La cuestión que en este proceso se debate es, no obstante, si la atención sanitaria recibida por la Sra. Catalina el día anterior a que dicho shock séptico se produjera fue o no ajustada a "la lex artis".
Y así, la parte actora sostiene que durante la asistencia a urgencias de la Sra. Catalina en la tarde del día 28 de octubre de 2005, ésta fue incorrectamente tratada, pues, en vez de dejarla ingresada, se limitaron a someterla a una leve revisión y a mandarla a casa, simplemente, con un antibiótico, sin valorar que tenía antecedentes de una grave enfermedad (el linfoma) y sin hacer nada para diagnosticarla debidamente; asimismo, considera que, tras su llamada al SUMMA 112 esa misma noche (ya día 29 de octubre), ante los fuertes dolores, se debió haber enviado una ambulancia. Se argumenta, por tanto, en la demanda que si se hubiera actuado correctamente en estas dos asistencias, se podría haber instaurado un tratamiento precoz que, a su vez, podría, o bien haber evitado que el shock séptico se produjera o bien haber aminorado sus perniciosos efectos.

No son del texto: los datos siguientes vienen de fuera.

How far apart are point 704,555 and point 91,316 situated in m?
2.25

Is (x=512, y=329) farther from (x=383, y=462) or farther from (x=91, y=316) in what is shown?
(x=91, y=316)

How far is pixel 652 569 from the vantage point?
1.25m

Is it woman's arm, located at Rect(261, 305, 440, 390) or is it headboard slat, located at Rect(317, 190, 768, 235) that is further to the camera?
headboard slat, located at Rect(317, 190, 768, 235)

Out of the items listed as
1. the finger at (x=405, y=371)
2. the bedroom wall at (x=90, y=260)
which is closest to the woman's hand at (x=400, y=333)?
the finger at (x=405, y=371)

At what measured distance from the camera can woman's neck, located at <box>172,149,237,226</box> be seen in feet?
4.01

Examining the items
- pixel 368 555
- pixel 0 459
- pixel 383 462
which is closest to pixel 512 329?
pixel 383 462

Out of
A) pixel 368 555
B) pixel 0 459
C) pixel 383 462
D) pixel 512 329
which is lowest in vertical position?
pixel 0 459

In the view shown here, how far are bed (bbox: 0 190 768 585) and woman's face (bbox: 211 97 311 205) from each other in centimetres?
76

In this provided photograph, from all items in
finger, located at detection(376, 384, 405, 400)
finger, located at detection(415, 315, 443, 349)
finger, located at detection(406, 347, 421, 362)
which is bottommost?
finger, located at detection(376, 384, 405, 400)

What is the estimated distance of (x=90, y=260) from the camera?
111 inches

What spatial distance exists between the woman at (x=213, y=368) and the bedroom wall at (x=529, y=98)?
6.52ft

Resulta, por tanto, esencial examinar si la prueba obrante en autos nos permite sostener tales infracciones de la "lex artis" ya que si la atención sanitaria recibida por la actora en ambas asistencias fue correcta, con arreglo al estado de conocimientos de la ciencia médica al tiempo de prestarse tales asistencias, la producción posterior del shock séptico sólo podría ser imputable a la propia evolución de la enfermedad o a algún otro factor ajeno, pero no a la asistencia sanitaria recibida.
SEXTO: Pues bien, de los informes médicos obrantes en autos, incluido el emitido por el perito designado por la Sala a petición de la parte actora, se desprende, como enseguida explicaremos, que en ambas asistencias, discutidas por la parte actora, la "lex artis" fue respetada.
Y así, de las conclusiones de la Inspección Médica (cuyo informe obra en el expediente a los folios 1.060 a 1.068) podemos destacar cuanto sigue:
«1º. La paciente había tenido un linfoma grado IV que es el de mayor malignidad y que disminuye las defensas de forma considerable.
2º. La paciente tenía una sinusitis de repetición y estaba pendiente de ser sometida a una polipectomia endoscópica en el mes siguiente al de los hechos.
3º. Cuando el 28 de octubre acude a urgencias del Hospital de la Princesa fue correctamente tratada por el facultativo del servicio que la atendió del servicio de ORL (nº ...) instaurándole un completo tratamiento entre el que se encontraba un antibiótico, creemos que en ese momento no se podía hacer ninguna otra cosa diferente a la que se hizo. La elección del antibiótico a emplear fue empírica que es lo que se puede hacer en urgencias, además no se confirmó después en La Paz el germen que produjo el shock séptico (se cree que neumococo, pag. 60).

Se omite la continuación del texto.